■ **What this task involves**:
Below are the entries. Print only the lines starting at the one with "Villa Rose - Three-Bedroom House - 7" and ending at the one with "Stars and strips scarf - Picture 3 of 5", exactly, with no pictures.

■ **Data section**:
--- START ---

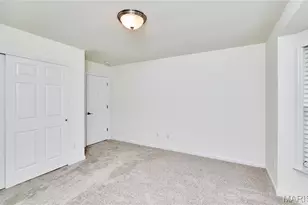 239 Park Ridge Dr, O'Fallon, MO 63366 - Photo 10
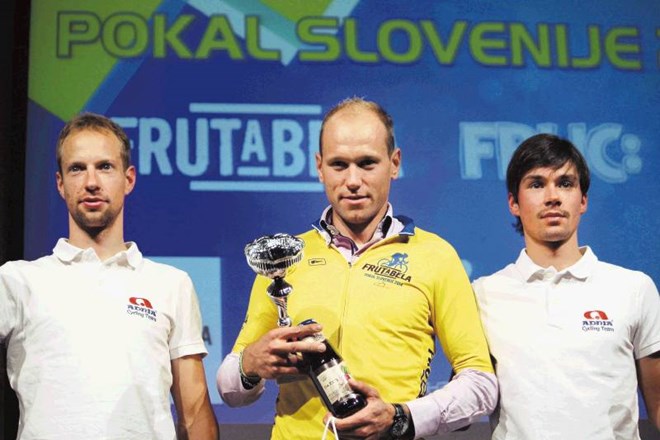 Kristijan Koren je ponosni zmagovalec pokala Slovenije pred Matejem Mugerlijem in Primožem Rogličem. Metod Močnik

--- END ---
--- START ---

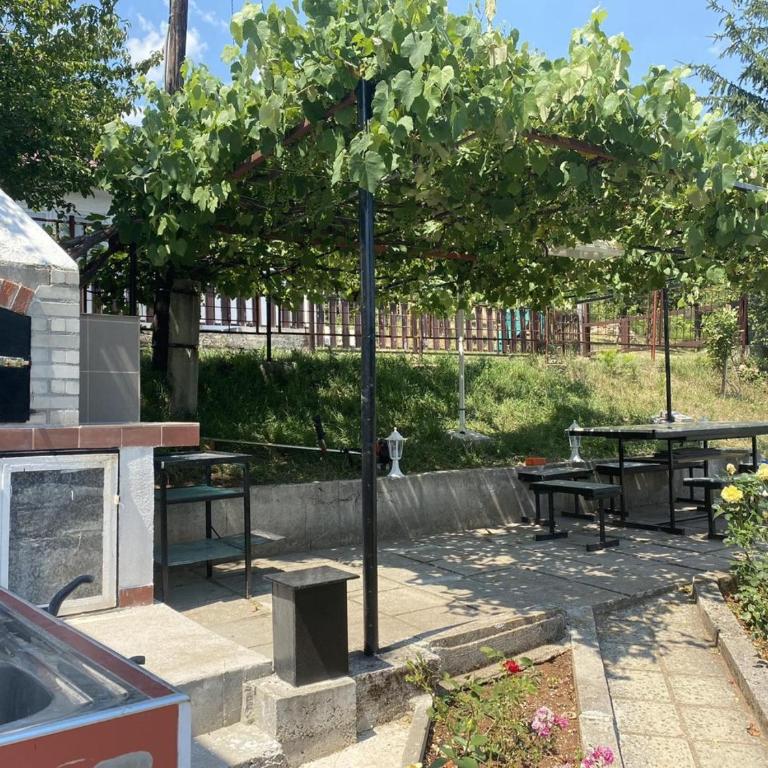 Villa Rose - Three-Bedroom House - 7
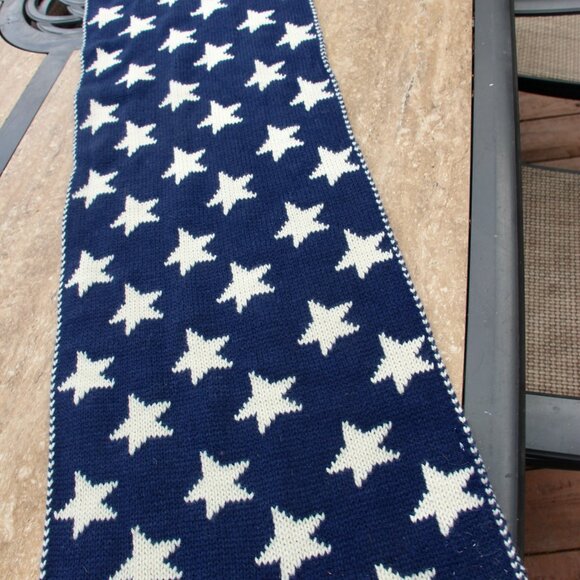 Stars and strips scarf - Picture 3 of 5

--- END ---

■ **Exercise response**:
 Villa Rose - Three-Bedroom House - 7
 Stars and strips scarf - Picture 3 of 5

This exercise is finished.